I don't think UUs here are necessarily smug... but I've seen the type -- interestingly, I also had that experience when I first went from evangelicalism to liberal Episcopalianism -- a sort of patronizing "well, we know better and eventually you will, too."

Date: 2009-01-30 05:09 pm (UTC)
From: [identity profile] poliphilo.livejournal.com
Ritual is important to me too. I don't think I could be happy with a set-up which was all hymns and improvised prayer. I want something that connects me to the past.

Which is probably why I've never tried the Quakers- even though my mother comes from a Quaker family.

Date: 2009-01-30 05:14 pm (UTC)
From: [identity profile] zoe-1418.livejournal.com
Our Quakers -- at least this particular brand -- don't even do hymns/prayer. They have silent worship -- which i sometimes appreciate greatly -- punctuated, if and when someone feels "led," by someone standing up and speaking for a minute or two, then more silence, then maybe eventually someone else standing up...
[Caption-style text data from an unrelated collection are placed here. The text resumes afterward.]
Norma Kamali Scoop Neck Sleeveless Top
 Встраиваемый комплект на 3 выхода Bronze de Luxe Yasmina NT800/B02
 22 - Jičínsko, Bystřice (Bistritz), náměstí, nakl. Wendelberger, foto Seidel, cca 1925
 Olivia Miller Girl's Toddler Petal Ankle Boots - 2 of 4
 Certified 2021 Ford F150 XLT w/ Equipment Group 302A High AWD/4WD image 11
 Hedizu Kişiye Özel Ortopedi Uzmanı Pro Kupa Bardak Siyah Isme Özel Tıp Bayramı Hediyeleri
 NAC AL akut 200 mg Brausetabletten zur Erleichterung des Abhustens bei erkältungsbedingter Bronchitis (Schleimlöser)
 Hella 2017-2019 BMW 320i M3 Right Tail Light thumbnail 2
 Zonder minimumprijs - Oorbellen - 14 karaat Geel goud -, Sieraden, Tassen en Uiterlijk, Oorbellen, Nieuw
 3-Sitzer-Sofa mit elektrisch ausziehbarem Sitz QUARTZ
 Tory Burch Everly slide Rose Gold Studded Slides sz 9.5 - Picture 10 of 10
Date: 2009-01-30 10:15 pm (UTC)
From: [identity profile] poliphilo.livejournal.com
That might suit me.

I like the idea of it, anyhow.

I had a set of magnificent Quaker aunts. One of whom lived to be a hundred. They had been suffragettes and ban-the-bombers. A couple of my early nineteenth century Quaker ancestors were prominent in the anti-slavery movement.

Date: 2009-01-30 10:26 pm (UTC)
From: [identity profile] shullie.livejournal.com
i don't think I would be able to cut the mustard as a Quaker... to quiet..lol

*them not me.. and that would be the problem!*

Date: 2009-01-31 07:55 pm (UTC)
From: [identity profile] poliphilo.livejournal.com
If I'm going to go to church I want candles and vestments and a nice bit of ritual.

The sitting quietly I can do by myself.

Date: 2009-01-31 05:55 pm (UTC)
sovay: (I Claudius)
From: [personal profile] sovay
And what's the use of a priest without mischief?

Do you think you'd make a good priest now?

Date: 2009-01-31 07:54 pm (UTC)
From: [identity profile] poliphilo.livejournal.com
Possibly. But I don't think the church authorities would agree.

The other thing is I don't have the energy for it any more.

Date: 2009-02-01 03:54 am (UTC)
sovay: (Default)
From: [personal profile] sovay
The other thing is I don't have the energy for it any more.

I was mostly just curious. I think painter and poet and photographer are fine things to be.